Saat pertama kali terlahir ke dunia, ia menyambutku dengan bahagia penuh haru. Ia yang mengumandangkan azan di telingaku. Berkat suara merdu azannya, aku jatuh cinta pertama kalinya.

Ia memang tidak mengandungku, tapi di dalam darahku mengalir darahnya. Ia tidak melahirkanku, tapi dirinyalah yang paling mengerti kesakitan Ibu. Ia juga tidak menyusuiku, tapi dari keringatnyalah yang menjadi setiap tetes air susuku.

Sifatnya keras dalam mendidik. Namun, di balik sifat kerasnya, tersimpan hati yang lembut, berisi cinta sebesar cinta Ibu untukku. Ia tidak dapat menyampaikan cintanya melalui kata-kata indah, namun pengorbanannya ku percayai sebagai wujud cintanya yang tulus.

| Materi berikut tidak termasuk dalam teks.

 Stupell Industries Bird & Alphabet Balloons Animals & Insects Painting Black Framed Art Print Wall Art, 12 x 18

Sebagai anak sulungnya, aku masih bersikap tidak menyenangkan hatinya, seperti mengeluh dan menuntut. Meski begitu, ia selalu mendengarkan dan berusaha memenuhi kewajibannya sebagai Ayah.

Ia pintar menyembunyikan rasa. Aku hanya melihat sekilas raut wajahnya yang tampak lelah saat tiba di rumah. Begitu pula saat ia kehilangan ayahnya, dirinya tak mau menampakkan tangisan di wajahnya karena ingin tetap terlihat kuat di depan kedua anaknya.

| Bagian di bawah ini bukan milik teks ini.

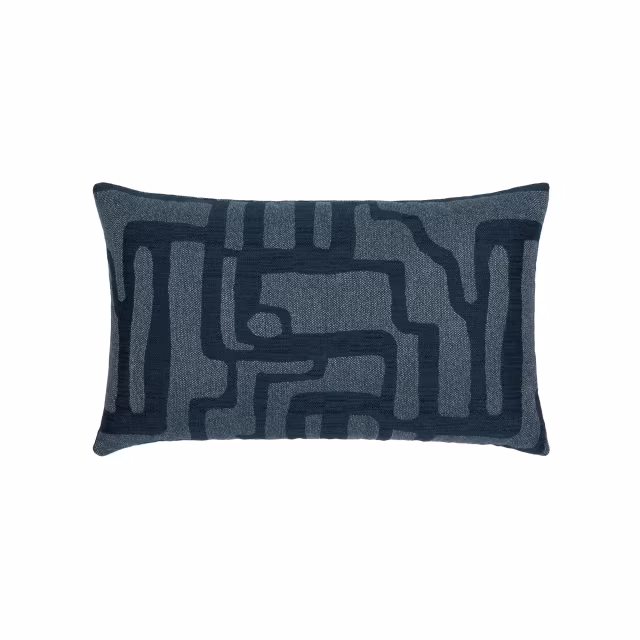 Elaine Smith 20" x 12" Noble Indigo Lumbar Sunbrella Outdoor Pillow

Hingga akhirnya, saat ia tidur lelap, aku dapat melihat semua rasa yang selama ini berhasil disembunyikannya. Wajahnya menampakkan rasa lelah yang teramat, terdapat kantung mata, wajahnya terlihat lesu dan pucat, serta raut wajahnya terlihat gelisah. Terkadang tidurnya tak lelap, sering kali terbangun dari tidurnya.

Tiap keringat dan hembusan napasnya ditujukan untuk keluarganya. Kerja keras dan usahanya tak pernah ia ungkit atau berharap diganti. Kasih sayangnya selalu membekas di hati dan tak pernah terganti. Hanya doa dan janji untuk menjadi terbaik yang dapat menunjukkan kasih sayangku.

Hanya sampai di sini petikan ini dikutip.